What is required
Copy the material below verbatim from the line with "2021年四川攀枝花市东区商务局编制外聘用人员招聘公告" to the line with "CSQ0303SX - Textured", both lines included, omitting pictures and every line outside that range.

Information shown
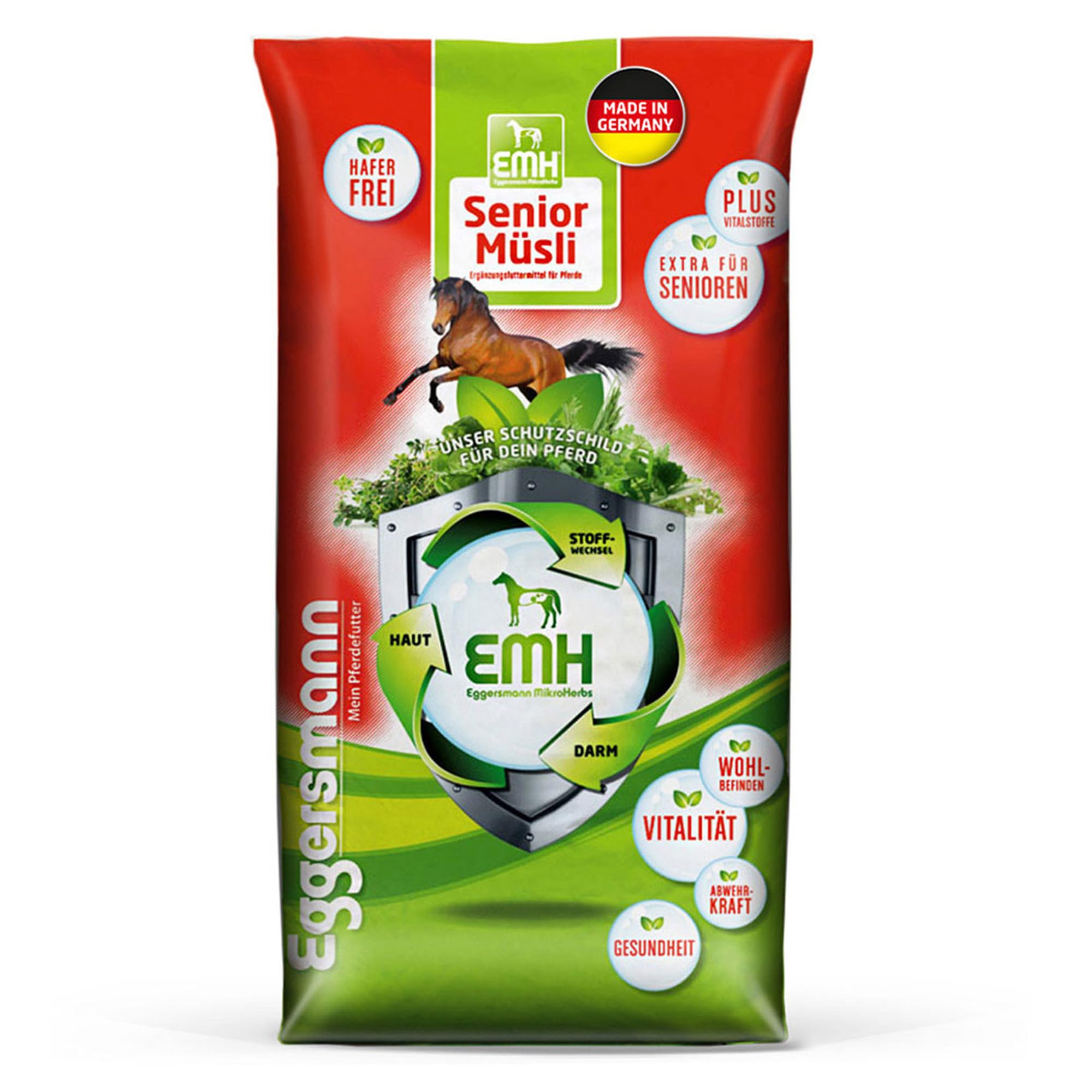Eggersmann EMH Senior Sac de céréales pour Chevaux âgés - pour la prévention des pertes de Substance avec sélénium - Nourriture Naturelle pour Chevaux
==
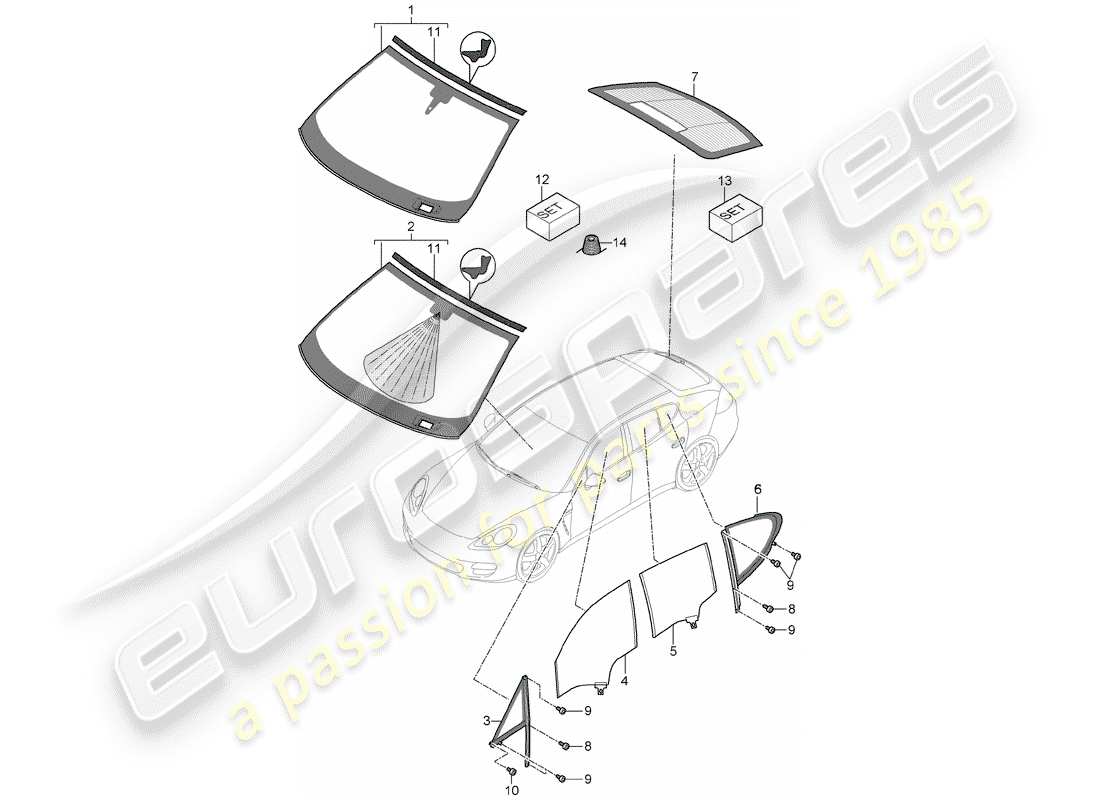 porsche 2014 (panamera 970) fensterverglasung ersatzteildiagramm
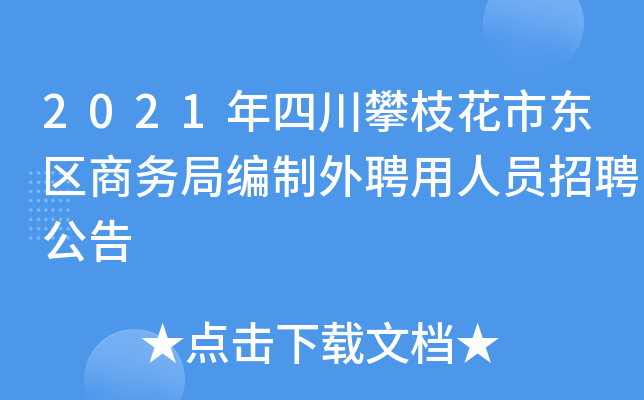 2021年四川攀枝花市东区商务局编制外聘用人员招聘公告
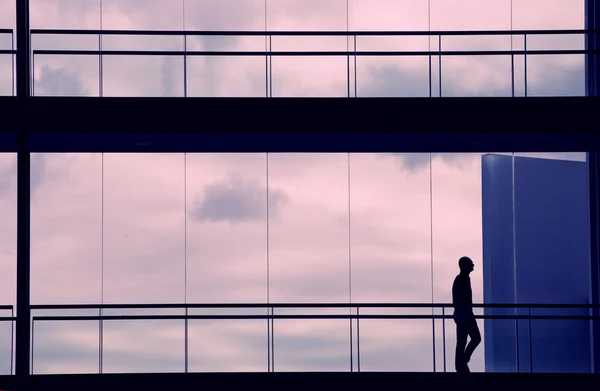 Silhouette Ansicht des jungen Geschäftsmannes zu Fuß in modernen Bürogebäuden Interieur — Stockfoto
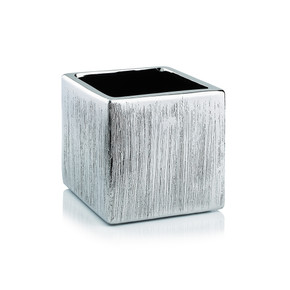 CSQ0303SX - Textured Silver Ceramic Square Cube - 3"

Answer area
 2021年四川攀枝花市东区商务局编制外聘用人员招聘公告
 Silhouette Ansicht des jungen Geschäftsmannes zu Fuß in modernen Bürogebäuden Interieur — Stockfoto
 CSQ0303SX - Textured Silver Ceramic Square Cube - 3"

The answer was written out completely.